Heads of major brokerage firms testified Tuesday on the importance of ensuring that U.S. securities markets remain the world's best.

Lawmakers did not need much convincing.

"If we want the goose that routinely lays the golden egg in America … we've got to try to provide an environment that will enhance it staying there," said Senate Banking Committee Chairman Phil Gramm. The Texas Republican stressed that the committee's two days of hearings in New York this week are only the beginning. Senate Banking will discuss similar issues at an upcoming meeting in Chicago.
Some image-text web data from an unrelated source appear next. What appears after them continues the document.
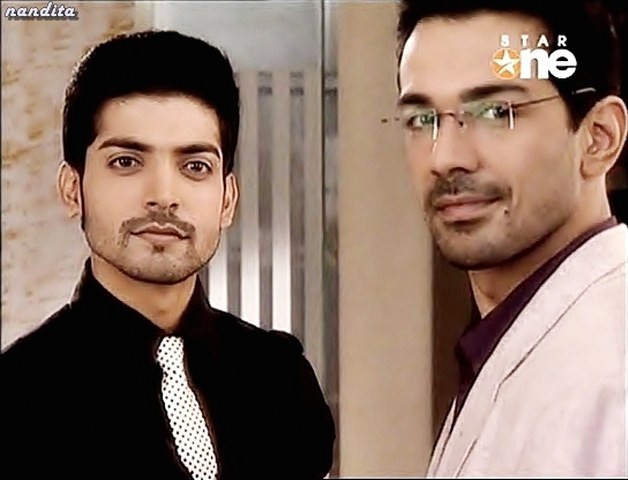 s4newstar120100621212655 (6) - GEET - Hui Sabse Parayi - Caps I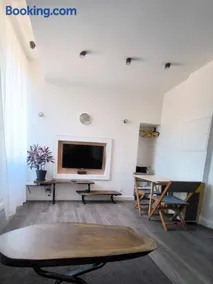 Studio lumineux avec belle vue - Image 3
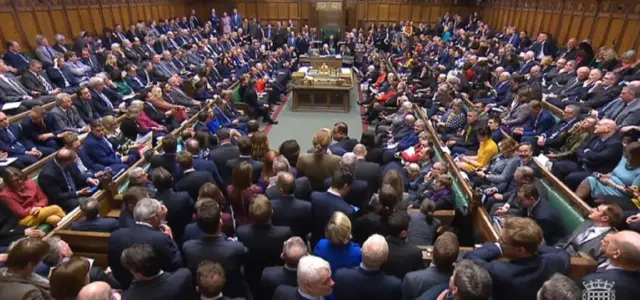 Мэй проиграла 12 марта со счетом 391-242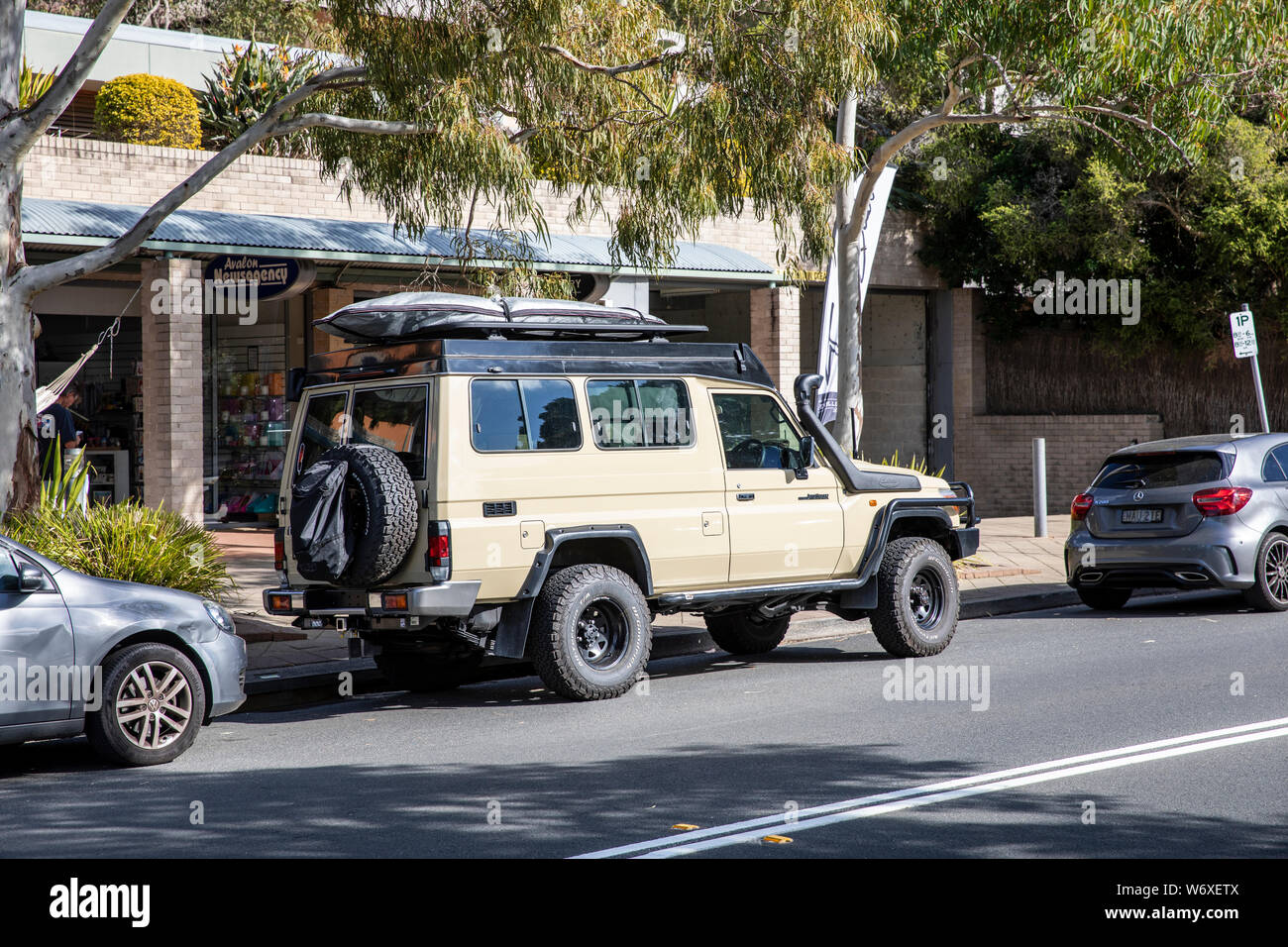 Toytoa troopcarrier troopy landcruiser 78 modèle en beige garée dans une rue de Sydney mais équipé pour la conduite hors route overlanding,voyage Australie Banque D'Images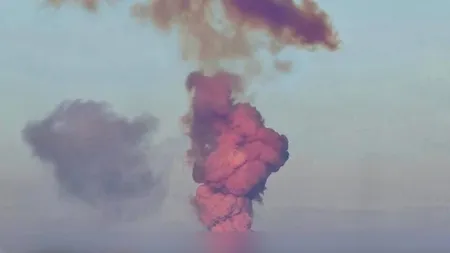 Explozie la baza de rachete Iasni din Rusia! Un nor de fum imens s-a ridicat în aer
The congressional interest comes amid the long-running bull market, increased investing by individuals, and the proliferation of non-traditional trading networks. These three factors have sparked concerns by securities regulators and industry members over a host of issues including liquidity, competition, and price transparency.

"The question is, as we enter the 21st century, are U.S. markets the most efficient, the most fair, the most able to compete?" asked Sen. Charles Schumer, D-N.Y.

Those are issues the Securities and Exchange Commission is studying. Last week the SEC put out for public comment six proposals for overhauling the securities markets. One would create a nationally linked market that would force all investors' orders to interact, with execution priority given by price and time.

That particular proposal was the subject of much discussion at Tuesday's hearing, where top executives from Charles Schwab & Co., Merrill Lynch & Co., Morgan Stanley Dean Witter & Co., and Goldman, Sachs & Co. testified.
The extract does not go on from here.